One way around it might be to return the original string, along with tokens (instead of just tokens) from tokenizers and analyzers.

Data structure

It is better to avoid allocating strings for tokens in each pre-processing step and instead use a slice of the original document. Performance depends very strongly on this.

I ran some simple benchmarks to compare the read/write performance of Vec<&str> and Vec<String>. I also compared a JaggeredArray which stores all the strings in a continuous block in memory (in contrast to Vec<String>) and therefore in theory should minimise cache misses.

I ran 3 read performance tests: summing the length of tokens, determining unique vocab and applying the stemmer to each token.

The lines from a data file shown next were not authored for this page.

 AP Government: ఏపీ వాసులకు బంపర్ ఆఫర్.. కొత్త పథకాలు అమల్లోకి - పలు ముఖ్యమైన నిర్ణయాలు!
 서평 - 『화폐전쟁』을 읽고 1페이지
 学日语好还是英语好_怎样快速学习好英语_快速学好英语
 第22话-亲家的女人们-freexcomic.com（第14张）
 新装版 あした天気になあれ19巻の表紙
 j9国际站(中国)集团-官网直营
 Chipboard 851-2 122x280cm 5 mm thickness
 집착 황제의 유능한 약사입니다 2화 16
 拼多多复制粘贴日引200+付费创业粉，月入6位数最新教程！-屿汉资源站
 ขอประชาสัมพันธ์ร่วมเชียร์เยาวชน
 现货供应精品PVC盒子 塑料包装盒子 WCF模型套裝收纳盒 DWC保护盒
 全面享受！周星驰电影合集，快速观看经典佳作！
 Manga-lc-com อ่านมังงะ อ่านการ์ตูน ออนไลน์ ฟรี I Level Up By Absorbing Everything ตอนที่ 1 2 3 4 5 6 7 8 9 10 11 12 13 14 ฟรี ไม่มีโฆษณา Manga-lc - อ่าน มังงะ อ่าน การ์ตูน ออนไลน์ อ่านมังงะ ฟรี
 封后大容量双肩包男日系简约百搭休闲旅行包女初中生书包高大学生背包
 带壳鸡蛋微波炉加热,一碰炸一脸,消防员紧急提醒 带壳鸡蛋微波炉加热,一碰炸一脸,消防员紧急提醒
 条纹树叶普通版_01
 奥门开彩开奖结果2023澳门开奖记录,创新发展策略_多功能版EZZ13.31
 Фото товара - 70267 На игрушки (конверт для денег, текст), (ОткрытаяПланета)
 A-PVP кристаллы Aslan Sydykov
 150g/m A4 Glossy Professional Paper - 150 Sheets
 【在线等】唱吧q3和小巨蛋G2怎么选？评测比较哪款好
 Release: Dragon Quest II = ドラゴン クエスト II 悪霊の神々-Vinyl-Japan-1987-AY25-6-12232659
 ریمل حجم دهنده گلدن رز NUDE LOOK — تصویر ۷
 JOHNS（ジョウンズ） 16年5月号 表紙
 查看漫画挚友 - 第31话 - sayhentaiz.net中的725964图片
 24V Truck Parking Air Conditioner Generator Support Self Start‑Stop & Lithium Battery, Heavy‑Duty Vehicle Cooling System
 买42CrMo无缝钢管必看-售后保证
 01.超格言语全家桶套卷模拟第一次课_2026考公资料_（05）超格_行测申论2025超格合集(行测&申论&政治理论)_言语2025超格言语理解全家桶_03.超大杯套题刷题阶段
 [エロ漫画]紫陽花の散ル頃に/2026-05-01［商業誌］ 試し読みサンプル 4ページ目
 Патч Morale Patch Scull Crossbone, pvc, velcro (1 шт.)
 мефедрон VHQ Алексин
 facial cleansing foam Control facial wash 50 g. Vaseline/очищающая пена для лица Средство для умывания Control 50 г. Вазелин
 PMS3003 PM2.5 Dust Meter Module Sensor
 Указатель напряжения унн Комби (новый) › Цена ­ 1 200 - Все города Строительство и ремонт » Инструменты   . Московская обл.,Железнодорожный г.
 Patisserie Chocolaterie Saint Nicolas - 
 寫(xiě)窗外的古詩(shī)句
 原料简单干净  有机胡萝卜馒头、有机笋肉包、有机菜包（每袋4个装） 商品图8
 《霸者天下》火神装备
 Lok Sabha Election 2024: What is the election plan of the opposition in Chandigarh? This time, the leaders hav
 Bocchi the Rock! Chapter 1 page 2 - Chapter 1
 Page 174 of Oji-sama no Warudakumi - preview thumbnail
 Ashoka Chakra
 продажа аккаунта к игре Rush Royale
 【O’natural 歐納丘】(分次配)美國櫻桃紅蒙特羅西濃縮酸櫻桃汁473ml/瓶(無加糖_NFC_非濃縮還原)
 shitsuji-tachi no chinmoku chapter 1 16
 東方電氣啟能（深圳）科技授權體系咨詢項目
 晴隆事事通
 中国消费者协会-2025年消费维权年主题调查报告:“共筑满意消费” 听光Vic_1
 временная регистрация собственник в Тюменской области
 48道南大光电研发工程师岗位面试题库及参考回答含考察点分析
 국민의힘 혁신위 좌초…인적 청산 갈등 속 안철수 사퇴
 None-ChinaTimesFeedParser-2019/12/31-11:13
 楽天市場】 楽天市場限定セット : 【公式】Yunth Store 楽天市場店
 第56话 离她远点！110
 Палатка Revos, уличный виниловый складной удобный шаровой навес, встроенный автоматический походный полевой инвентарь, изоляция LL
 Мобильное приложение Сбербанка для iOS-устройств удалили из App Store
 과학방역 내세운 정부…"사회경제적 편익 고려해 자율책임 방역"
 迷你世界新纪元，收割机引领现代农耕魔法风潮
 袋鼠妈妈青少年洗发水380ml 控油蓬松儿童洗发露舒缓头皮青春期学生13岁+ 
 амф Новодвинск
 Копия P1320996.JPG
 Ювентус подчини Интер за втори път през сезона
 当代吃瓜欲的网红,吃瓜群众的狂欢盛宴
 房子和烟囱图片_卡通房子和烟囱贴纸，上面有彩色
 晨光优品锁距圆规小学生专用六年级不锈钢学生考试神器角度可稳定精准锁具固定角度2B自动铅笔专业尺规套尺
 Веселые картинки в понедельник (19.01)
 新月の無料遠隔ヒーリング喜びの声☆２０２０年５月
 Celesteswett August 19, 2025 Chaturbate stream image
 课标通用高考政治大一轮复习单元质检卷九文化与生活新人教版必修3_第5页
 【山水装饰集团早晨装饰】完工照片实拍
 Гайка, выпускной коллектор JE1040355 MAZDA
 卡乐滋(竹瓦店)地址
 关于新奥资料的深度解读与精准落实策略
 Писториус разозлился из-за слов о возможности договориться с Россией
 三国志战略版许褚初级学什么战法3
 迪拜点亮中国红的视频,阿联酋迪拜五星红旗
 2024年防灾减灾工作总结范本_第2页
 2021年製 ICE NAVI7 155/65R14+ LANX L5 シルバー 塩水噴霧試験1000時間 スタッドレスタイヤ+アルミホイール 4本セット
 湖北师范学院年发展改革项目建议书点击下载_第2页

Overall if you take into consideration the variance (+/-) in the results there isn't much difference - which surprised me. I assumed that Vec<String> would have a large performance costs as the strings would be scattered all over memory.

I ran 2 write performance test: 1) tokenising the text and outputting either a Vec<&str> or Vec<String> and 2) creating a vector of unique tokens (maps type T -> T). Here, as suggested by @rth, Vec<&str> hugely outperforms Vec<String>.

Vec<&str> also has the advantage of saving memory and preventing coping of the data.

Pipeline

I have been experimenting with different ways the pipeline components (tokenizer, stemmer, ngramer...) could be implemented. Here are my thoughts so far...

Each component could have a standard method transform. So the pipeline would something look like:

let tokens = tokenizer.transform(text);
let stemed = stemmer.transform(tokens);
let filtered = filter.transform(stemed).collect::<Vec<_>>();

Each component is producing and consuming, where appropriate, an iterator and the results are collected at the end of the pipeline. This reduces intermittent memory use and doesn't have a performance cost when compared to raw for-loops.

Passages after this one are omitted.